Step2. Find a proper prefix-suffix string of S (which is not only the prefix, but also the suffix of S). 

Example: Father='ala', Mother='la', we have S = 'ala'+'la' = 'alala'. Potential prefix-suffix strings of S are {'a', 'ala', 'alala'}. Given the string S, could you help the little cat to write a program to calculate the length of possible prefix-suffix strings of S? (He might thank you by giving your baby a name:) 

Input

The input contains a number of test cases.
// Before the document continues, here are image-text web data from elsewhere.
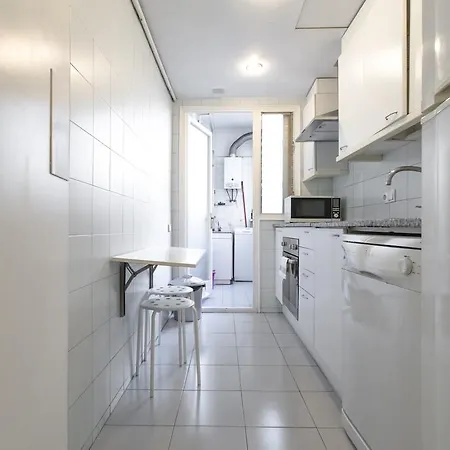 Apartment Sweet Bcn *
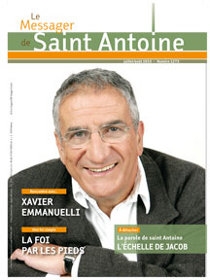 Le Messager de Saint Antoine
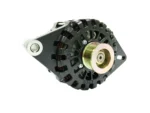 ARCO Marine Zeus 24V 4kW Low Turn On (LTO) 1"-2" Single Foot Alternator w/Isolated Ground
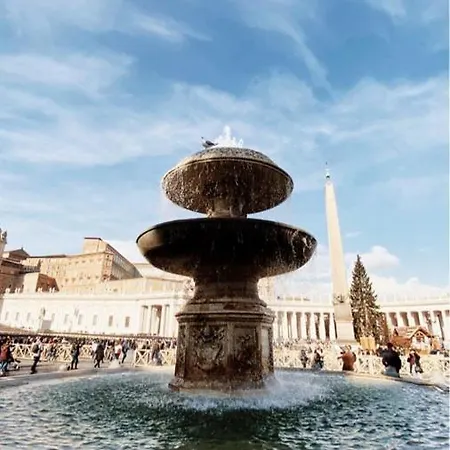 Colosseo Ohana * Rome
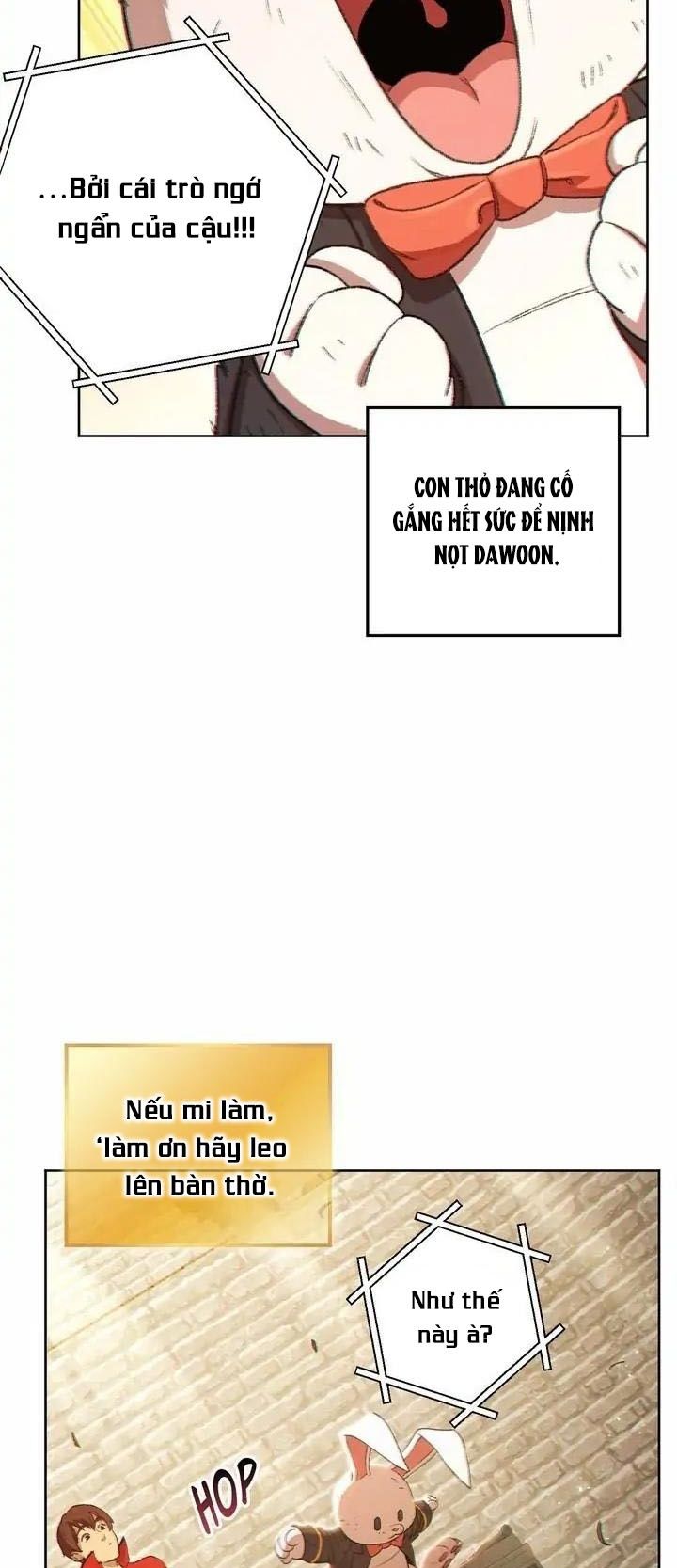 Dungeon Reset Chapter 31 - Trang 34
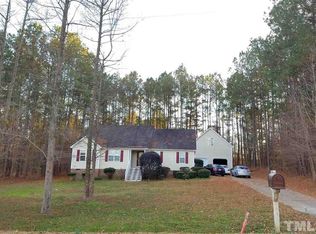 959 New Bethel Rd, Garner, NC 27529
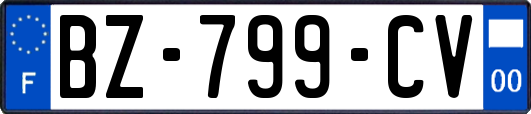 BZ-799-CV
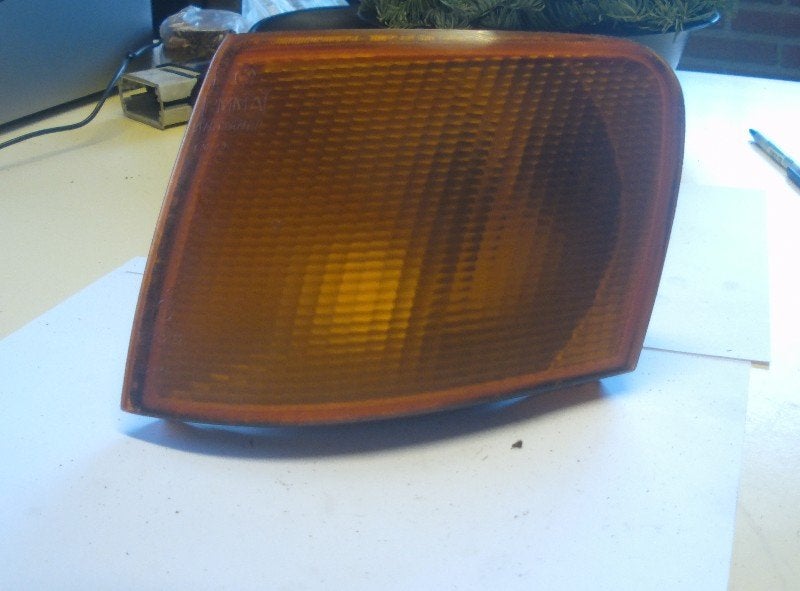 KNIPPERLICHT LINKS Escort 5 (AAL / ABL) (91ag-13369-aa), Gebruikt, Henry-Ford-Straße  1
50735  Köln, DE, Ford-Werke GmbH, Kunden@ford.com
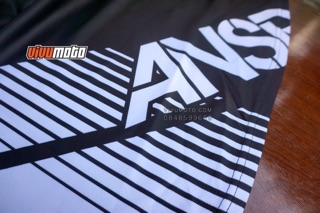 Áo cào cào ANSR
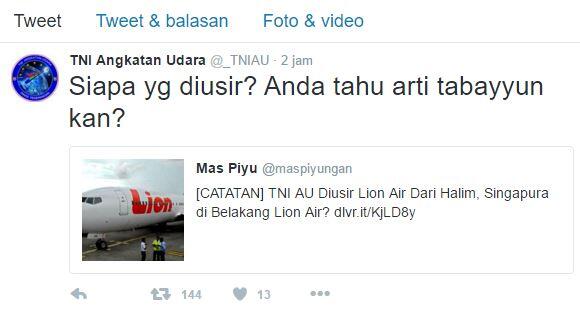 Siap-siap MasPiyungan diciduk Aparat, Fuckhri aja langsung KABUR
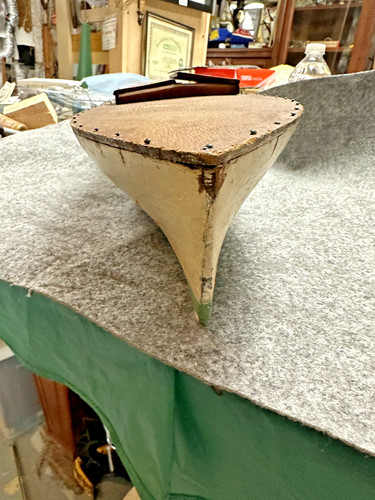 Vintage 1930 launch model - 1930's,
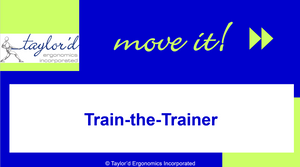 Move it! (Stretch, strength +) Site License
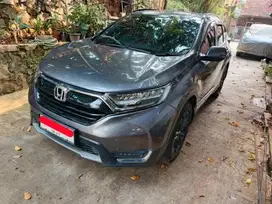 Pajak Panjang TDP 17JT Honda CRV 1.5 Turbo Prestige Bensin-AT 2019 Abu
Each test case occupies a single line that contains the string S described above. 

Restrictions: Only lowercase letters may appear in the input. 1 <= Length of S <= 400000. 

Output

For each test case, output a single line with integer numbers in increasing order, denoting the possible length of the new baby's name.

Sample Input

ababcababababcabab
aaaaa

Sample Output

2 4 9 18
1 2 3 4 5

题意：按从小到大的顺序输出字符串前缀和后缀相等的长度.

思路：利用next数组的性质，从后往前滚动查找，因为s[i]必定等于s[next[i]],最后输出.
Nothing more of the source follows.